Thousands in S. Korea Protest U.S.

From Associated Press

Armed with rocks and bamboo staffs, students and farmers attacked club-wielding police and wrote protest messages in blood Tuesday in one of the biggest anti-U.S. demonstrations since South Korean President Kim Dae Jung took office in 1998.

Police said about 14,000 protesters massed for the demonstration, which criticized the South Korean government as well as the United States. Hundreds pounded police shields with tree branches and hurled rocks and other debris at rows of helmeted officers in downtown Seoul. Some protesters burned a U.S. flag.

Police periodically charged the demonstrators, chasing them through traffic and beating them in front of startled drivers. Several protesters bled from head wounds, and an ambulance removed at least one injured man.

One farmer was taken into police custody. Police said they detain protesters only if they injure officers.
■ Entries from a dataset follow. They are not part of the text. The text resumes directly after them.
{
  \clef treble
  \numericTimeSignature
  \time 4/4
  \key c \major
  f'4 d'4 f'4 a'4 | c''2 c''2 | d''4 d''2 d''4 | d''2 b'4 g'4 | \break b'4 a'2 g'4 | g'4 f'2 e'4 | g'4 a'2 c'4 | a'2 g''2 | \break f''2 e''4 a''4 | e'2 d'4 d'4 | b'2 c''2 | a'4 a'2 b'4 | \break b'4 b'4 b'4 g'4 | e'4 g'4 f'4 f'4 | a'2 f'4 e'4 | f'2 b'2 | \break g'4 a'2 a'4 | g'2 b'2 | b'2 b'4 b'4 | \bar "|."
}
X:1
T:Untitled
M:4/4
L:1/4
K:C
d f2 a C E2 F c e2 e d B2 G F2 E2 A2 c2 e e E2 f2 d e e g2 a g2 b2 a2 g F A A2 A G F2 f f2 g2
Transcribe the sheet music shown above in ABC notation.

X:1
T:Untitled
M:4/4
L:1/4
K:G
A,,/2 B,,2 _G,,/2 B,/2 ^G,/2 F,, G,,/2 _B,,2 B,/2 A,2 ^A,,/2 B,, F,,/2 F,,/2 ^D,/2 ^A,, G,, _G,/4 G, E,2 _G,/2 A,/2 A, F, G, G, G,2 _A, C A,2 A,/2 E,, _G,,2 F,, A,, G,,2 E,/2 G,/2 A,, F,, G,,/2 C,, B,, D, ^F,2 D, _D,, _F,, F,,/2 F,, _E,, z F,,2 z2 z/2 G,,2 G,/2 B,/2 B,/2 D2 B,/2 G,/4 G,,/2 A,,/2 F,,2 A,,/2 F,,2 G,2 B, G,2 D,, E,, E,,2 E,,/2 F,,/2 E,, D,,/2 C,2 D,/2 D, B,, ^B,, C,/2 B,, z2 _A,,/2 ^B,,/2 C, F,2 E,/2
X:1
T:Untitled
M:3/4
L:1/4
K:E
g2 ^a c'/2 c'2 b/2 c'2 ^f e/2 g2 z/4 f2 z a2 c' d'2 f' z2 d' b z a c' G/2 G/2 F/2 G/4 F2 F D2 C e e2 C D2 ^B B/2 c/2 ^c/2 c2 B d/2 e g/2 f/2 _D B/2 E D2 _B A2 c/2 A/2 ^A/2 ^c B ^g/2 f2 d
“Kim Dae Jung government--repent!” and “Down with the United States!” shouted the protesters, who accused the Seoul government of designing policy at the behest of Washington.

There have been growing complaints about the conduct of the 37,000 U.S. soldiers deployed in South Korea as a deterrent against the threat from Communist North Korea.

A string of incidents has stirred up anti-U.S. sentiment even though most South Koreans support the American presence. Recent crimes by U.S. servicemen and a dispute over a coastal U.S. bombing range that villagers consider noisy and dangerous have fueled resentment.

On Monday, the U.S. military publicly apologized for the February dumping of 20 gallons of formaldehyde into the Han River.


Seoul and Washington have agreed to open long-stalled talks next week on revising the code governing the conduct of U.S. soldiers stationed on the Korean peninsula.

The farmers at Tuesday’s protest blamed the U.S. for pressuring South Korea into what they said was an excessive opening of the nation’s agricultural markets. Cheap imports have cut into their profits.

Eight protest leaders cut their fingers with razor blades and used their blood to write “Abolish the agricultural imports policy!” on a banner.